Il ne justifie pas plus du montant de l’indemnisation devant lui revenir, selon ses dires.
La demande doit donc être rejetée, par confirmation du jugement entrepris.
Sur le remboursement des indemnités de chômage:
Les dispositions de l’article L.1235-4 du code du travail permettent, dans le cas d’espèce, le licenciement de M. [K] étant sans cause réelle et sérieuse, d’ordonner le remboursement par la société Stem Propreté des indemnités de chômage éventuellement perçues par l’intéressé, dans la limite de six mois d’indemnités.
Le présent arrêt devra, pour assurer son effectivité, être porté à la connaissance de France Travail, conformément aux dispositions de l’article R.1235-2 alinéas 2 et 3 du code du travail.
Sur les dépens et les frais irrépétibles:
L’employeur, qui succombe, doit être tenu aux dépens de première instance, par confirmation du jugement entrepris, et d’appel.

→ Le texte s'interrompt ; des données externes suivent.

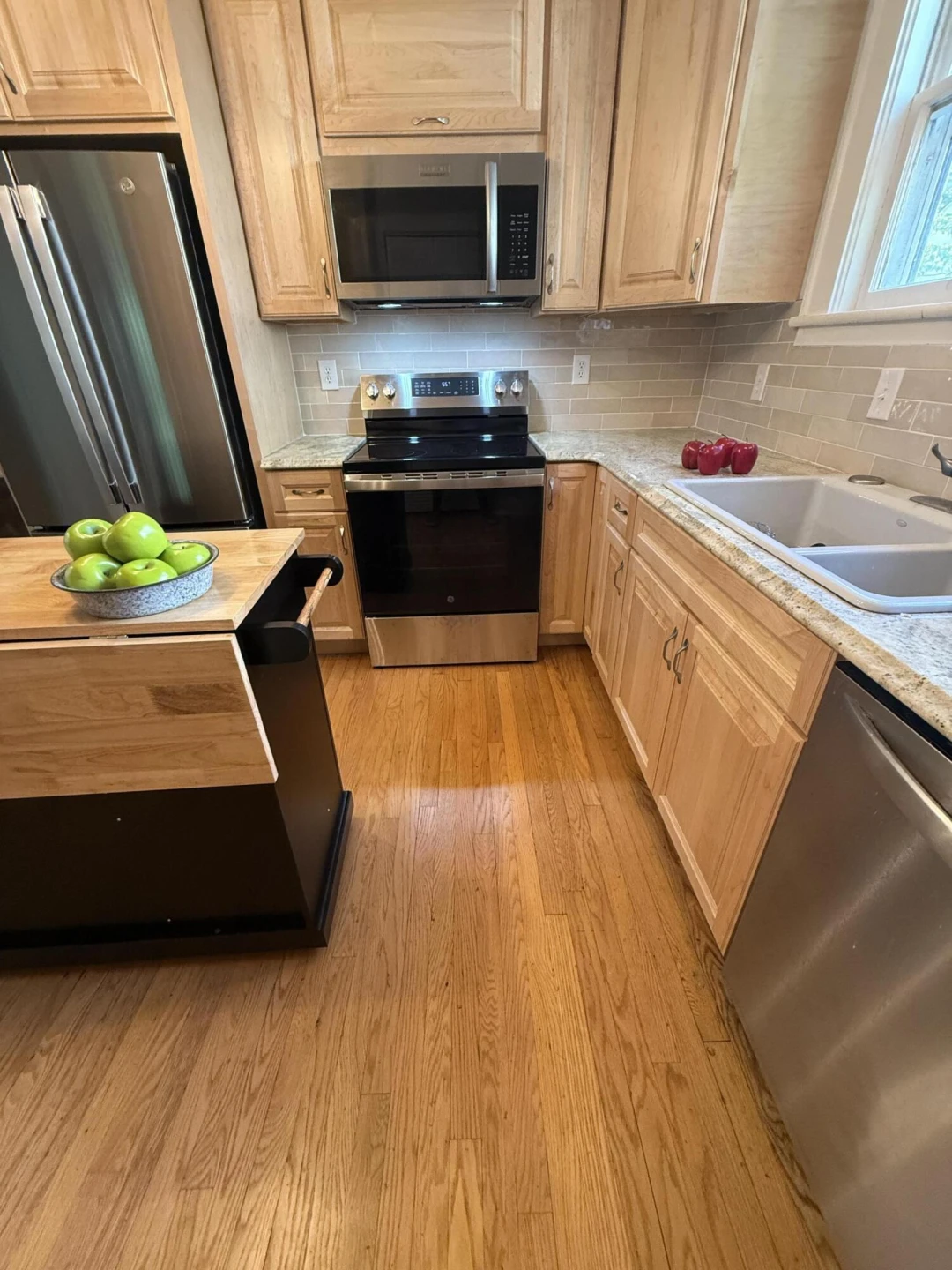 2506 Rosalind AVE SW - Photo 11
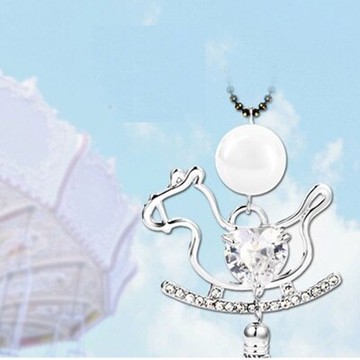 鑲鑽項鍊 毛衣鍊-可愛甜美木馬造型女飾品2色73fv193【獨家進口】【米蘭精品】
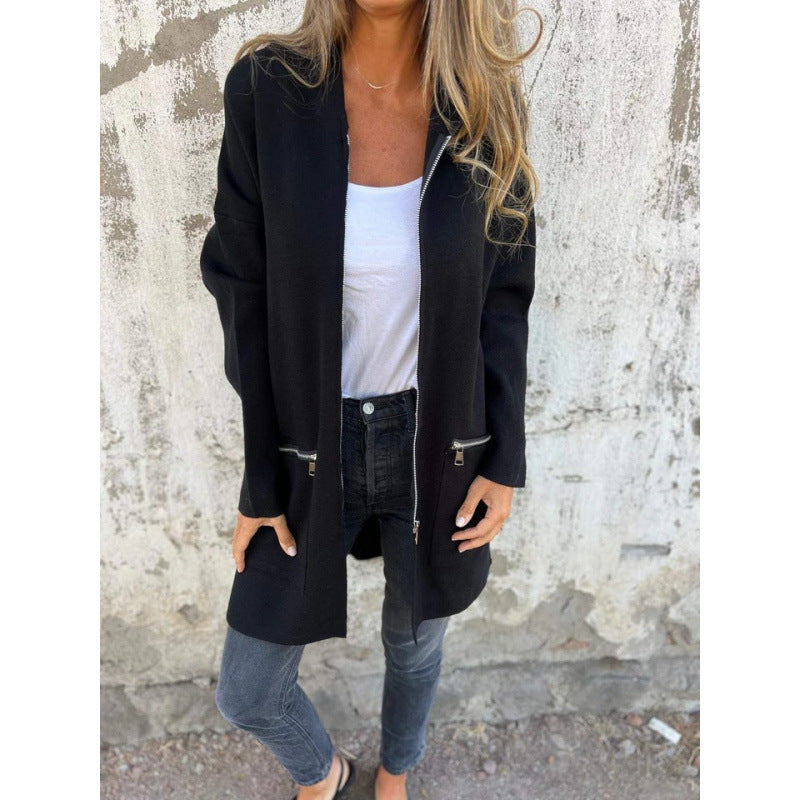 Damen Mittellanger Mantel mit durchgehendem Reißverschluss und Zipper-Taschendetails Echo Archiv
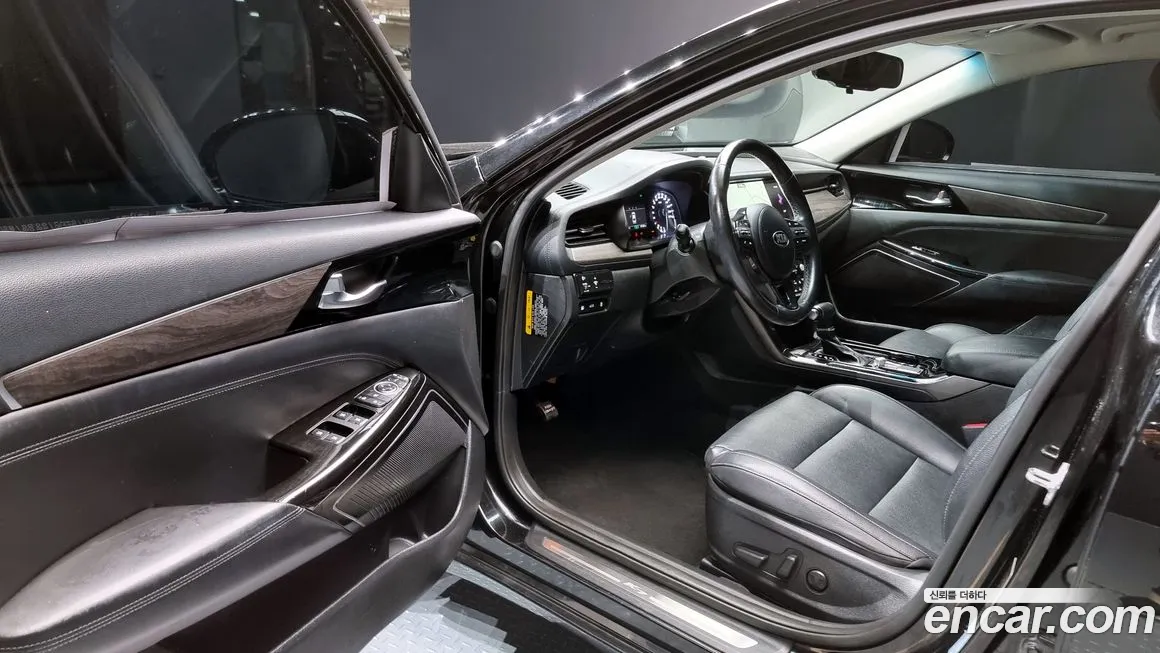 Kia K7 Premier 2020 Черный из Кореи, фото 2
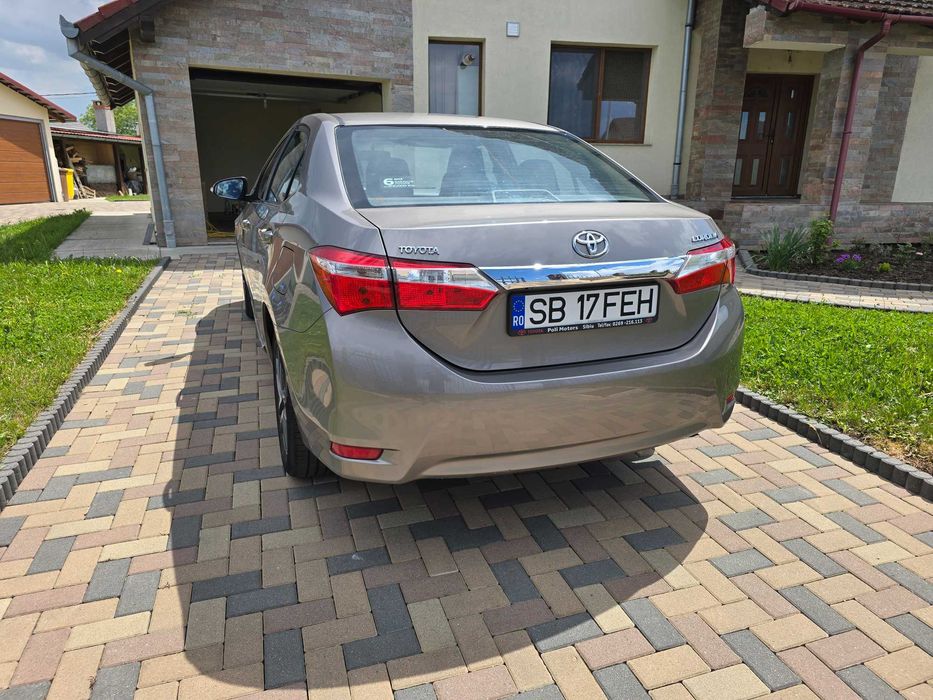 Toyota Corolla, fabricatie 2015, motor 1.6 benzină 132 CP, cutie automată
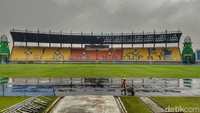 Salah satu momen persiapan Stadion Si Jalak Harupat di Kabupaten Bandung, Jawa Barat, menyambut ajang Piala Dunia U-20. Namun sayang, FIFA telah membatalkan Indonesia sebagai tuan rumah Piala Dunia U-20.Foto: Yuga Hassani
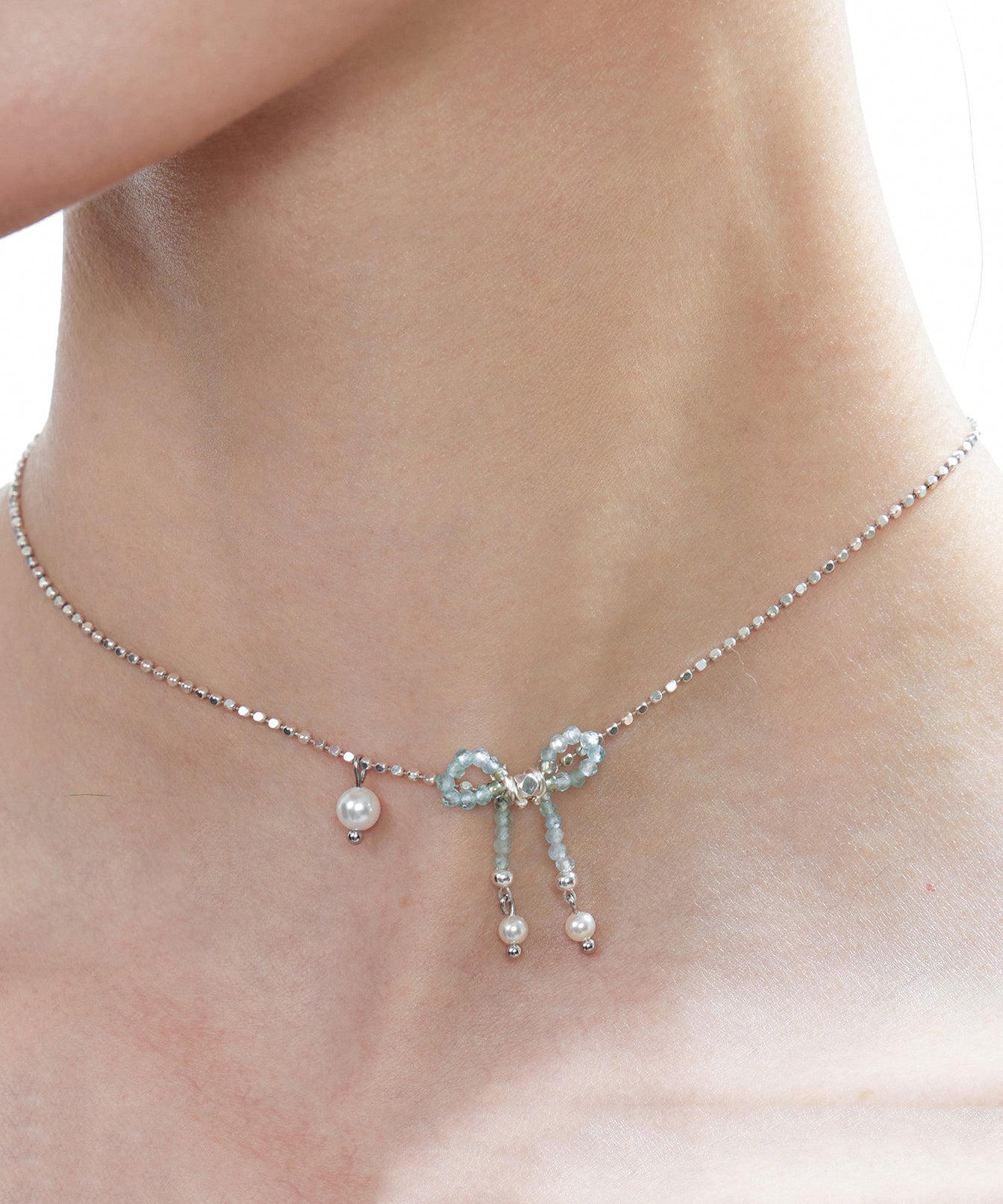 Elegant Blue Crystal Bow Pearl Silver Choker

L’équité commande de confirmer le jugement de première instance relativement aux frais irrépétibles, de faire application de l’article 700 du code de procédure civile également en cause d’appel et d’allouer à ce titre la somme de 2 000 € à M. [K].
PAR CES MOTIFS
La cour, après en avoir délibéré, statuant publiquement, par arrêt mis à disposition au greffe à une date dont les parties ont été avisées dans les conditions prévues à l’article 450 alinéa 2 du code de procédure civile,
CONFIRME le jugement déféré, sauf en ses dispositions relatives au montant de l’indemnité de licenciement, lesquelles sont infirmées,
Statuant à nouveau sur le chef infirmé et y ajoutant,
CONDAMNE la société Stem Propreté à payer à M. [M] [K] les sommes de :
— 994,52 € à titre d’indemnité de licenciement,
— 2 000 € sur le fondement de l’article 700 du code de procédure civile,
ORDONNE le remboursement par la société Stem Propreté aux organismes sociaux concernés des indemnités de chômage éventuellement payées à M. [K] dans la limite de six mois d’indemnités,
ORDONNE l’envoi par le greffe d’une copie certifiée conforme du présent arrêt, par lettre simple, à la Direction Générale de France Travail,
REJETTE les autres demandes des parties,
CONDAMNE la société Stem Propreté aux dépens d’appel.